And the people remembered the custom of the good King who had denied a hearing to no one; and they said: “The King’s daughter is herself to-day a beggar.” So they listened, making it easy for Raziya to speak.

And Raziya said: “My brother has killed his brother, and now he would slay me.”

And all the people, as one man, vowed to help her. And Raziya was put upon the throne of Delhi.

Raziya and the Peasant

And Raziya ruled as few men have ruled in Delhi. She loved justice and mercy, and she gave both to her people. She led them to battle, pitching her own tent in the place of greatest danger: she was generous and wise, and entirely forgetful of her woman’s self. All this her people knew of her; and all this historians have said of her.

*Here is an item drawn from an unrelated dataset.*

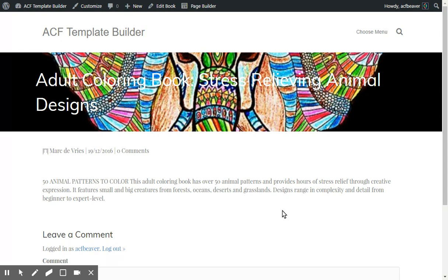Well, that's it for now. It's a very quick walkthrough of how you can create your templates with the ACF Template Builder.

But one old man, who wrote the longest tale of her gifts and virtues, tells us the reason of her failure to rule India: “She was a great monarch; but she was a woman, and she ruled as a man.”

The Moslem people of those days could not forgive her that. They could not forgive her that, being a woman, she came before them with face unveiled; that, being a woman, she did successfully the work of a man, and asked no woman’s reward. And so, though they took her love and protection for so long that they forgot the cruelty of her brother who had reigned before, they turned against her in the end and dethroned her, and put her in prison.

From prison later, she escaped, and led an army to regain her kingdom. And perhaps she might some day have won it back, but for a sad thing that befell her.

In the battle which she waged she was defeated, and fled alone to the jungles.